Şehrin yegane püskürük kütlesi bir satıh kültesi olan bazalttır. Bu külteler şehrin hemen güneyinde Karataş mevkiinde, kuzeyinde Güce, batısında Kertil ve Sof dağlarında iç püskürmeler neticesinde meydana çıkmıştır. Halk arasında Karataş diye söylenen bu bazaltlar, işlenmesi güç olmakla beraber sert olduğundan temel inşaatında ve parke taşları yapılarda, yolları döşemekte kullanılmaktadır.
Su durumu:
Şehrin yukarıda zikredilen yüksek tepe kısımlarında derin kuyular açmak lazım geldiği hâlde (Kayacık 20 m.) Alleben vadisinde 4-5 m derinlikte bol suya rastlanmaktadır. Nitekim Nizip yolu üzerindeki kuyularda rastlanan bol su hazineleri bu dolayı teyit etmektedir.

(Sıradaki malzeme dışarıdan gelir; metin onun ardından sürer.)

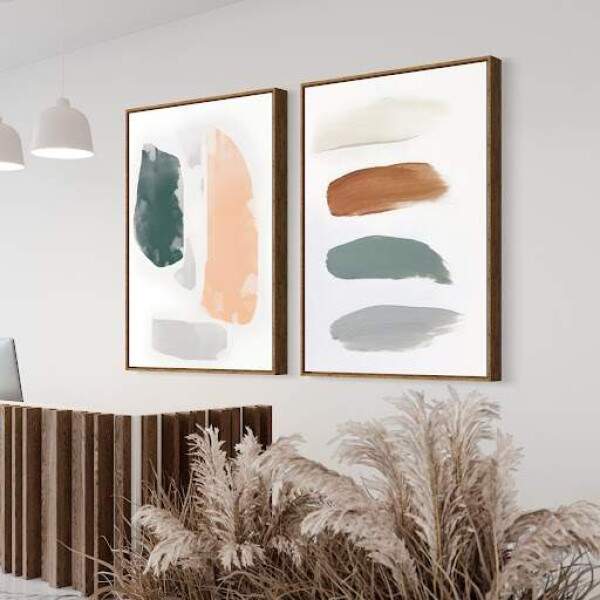 Quadros Pinceladas Artsticas em Cores Terrosas Minimalista
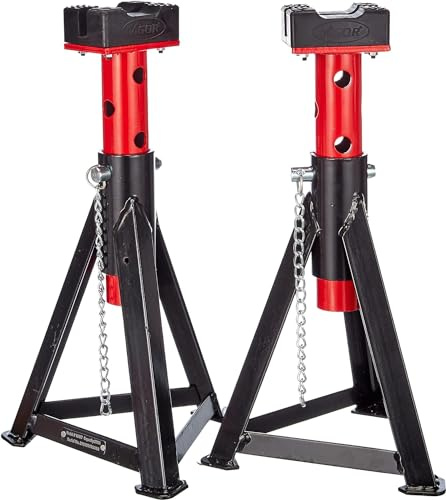 ViGOR Unterstellbock Satz V2477 I 2-teilig, 3 Tonnen Tragkraft, höhenverstellbar, mit breitem Fußstand für hohen Sicherheitsstandard I optimal für Arbeiten an Kfz / Auto, Gewicht: 5,2 kg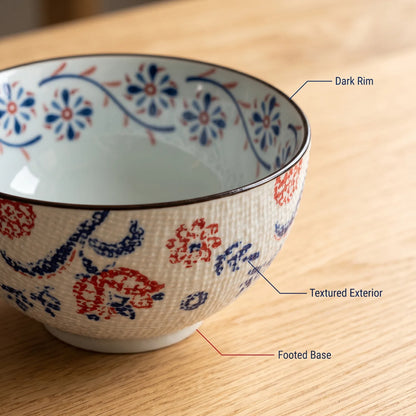 14 CM ceramic Bowl – White Round Footed Serving Bowl with Blue and Red Floral Pattern, Textured Exterior and Dark Rim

Yeraltı sularının zenginliğini son senelerde Sazgın köyündeki petrol için yapılan sondajlarda göstermiştir. Bu sondaj sırasında 60-70 m derinlikte batıdan doğuya doğru kuvvetli su sıkıntısına tesadüf edilmiştir.
Not: Yukarıdaki yazı Kıymetli Tabiyye Hocası Tahir Ustünalp tarafından yazılmıştır.